Waarbij we de voorlopers belonen! En bestaande en aankomende agrarisch ondernemers stimuleren om ecologisch en sociale voorloper te worden! We dienen dan ook graag de motie in samen met D66 [partijen noemen] om jongveestallen bij natuurinclusieve melkveehouders uit te zonderen van de stikstofregels. Omdat deze bedrijven al extensief werken en gestimuleerd moeten worden door ons als provinciale overheid.
We hebben in Nederland en zeker in Brabant immers een achterstand in te halen als het gaat over ons aandeel in de biologische productie. GroenLinks memoreerde dit al eerder en vaker. Voor intensieve producten zijn we een grote exporteur. Maar voor bio blijft het aandeel hangen op enkele procenten, en moeten we de meeste producten helaas nog importeren. Maar daar laten de voorlopers zich niet door uit het veld slaan, en die maken nu al de heerlijkste producten. Nu de erkenning nog vanuit onze ons. Zodat ze het hoofd boven water kunnen blijven houden.
Er leven nog meer zorgen bij die voorlopers, voorzitter. GroenLinks spreekt regelmatig met boeren die al in balans werken met hun sociale en ecologische omgeving. En krijgt dan te horen over systemen voor emissiereductie die nog volop in ontwikkeling zijn, maar niet nog zijn uitontwikkeld. Die op een natuurlijke, energiezuinige manier de mest bewerken, wat positieve effecten geeft in de stal en op het land. Hierover stelde ik vanmorgen al technische vragen.

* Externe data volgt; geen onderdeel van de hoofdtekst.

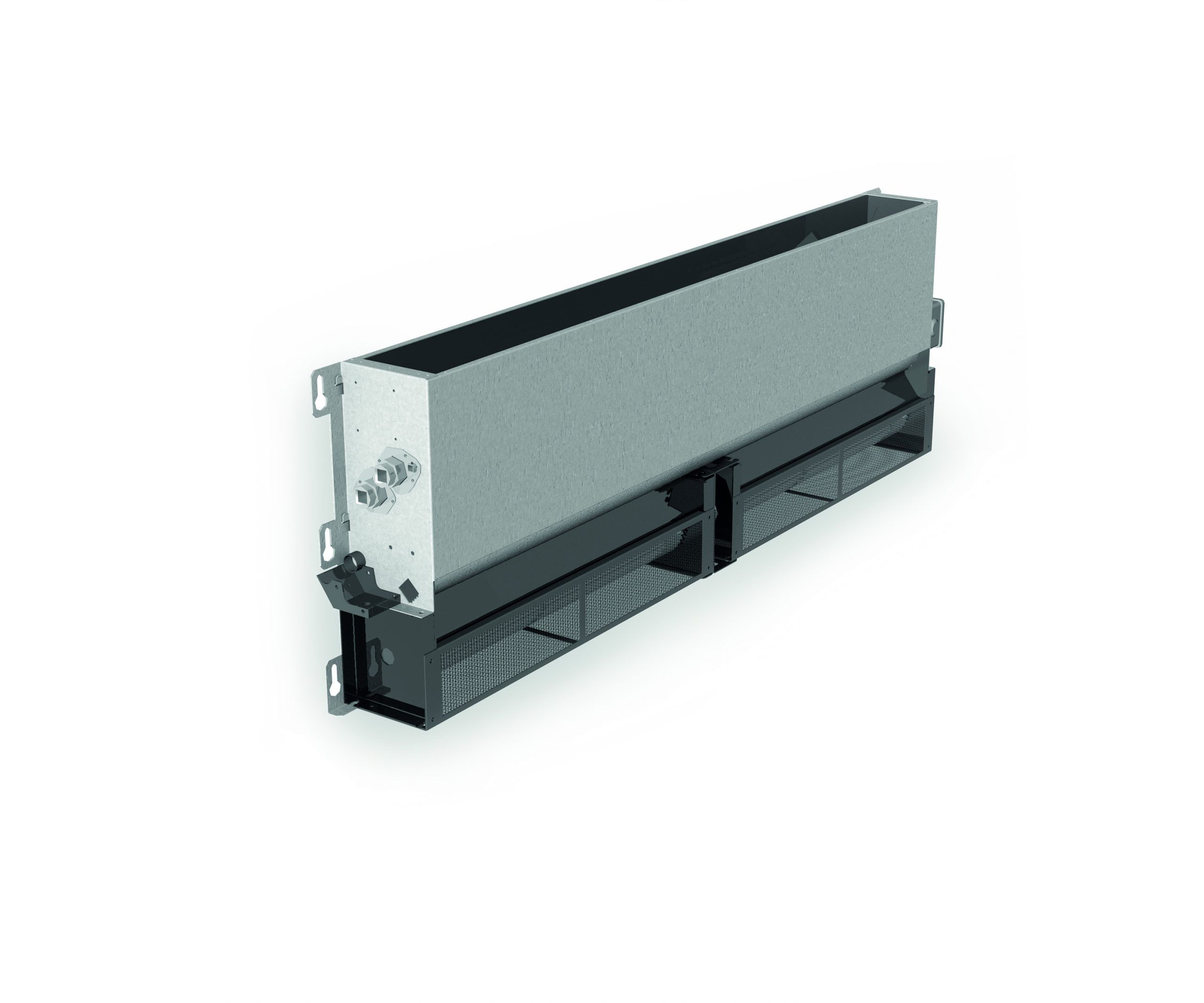 fancoil Briza 22 empotrado en pared
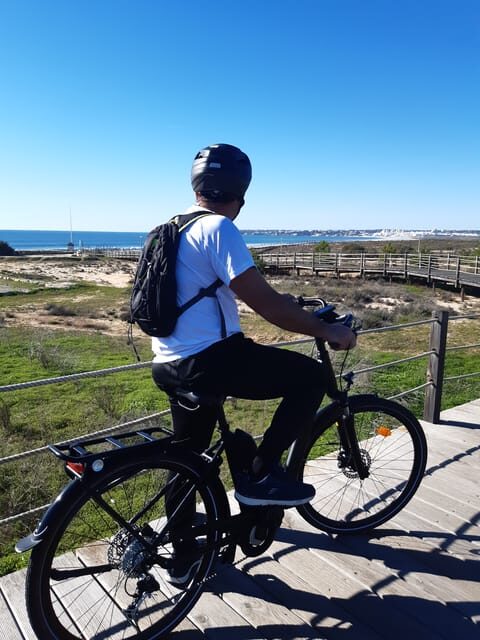 City E-Bike Tour - Albufeira West Beaches In Private! - A Closer Look at the Itinerary and Highlights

Voorzitter, ik sluit af. GroenLinks steunt de IOV zoals deze nu voorligt, met de huidige data. Vanuit fatsoenlijk bestuur moeten de data die we in oktober vaststelden een stukje naar achter worden geschoven. Maar vanuit bescherming van onze natuur moeten die data daar vervolgens wel gewoon blijven staan.
GroenLinks sluit af met dezelfde wens als in oktober, mét een toevoeging: hopelijk krijgen we er meer boeren bij - als landschapshoeders, voedseldocenten en natuurontwikkelaars. En blijven we onze natuur, ondanks alles wat er nu bestuurlijk gaande is, actief beschermen.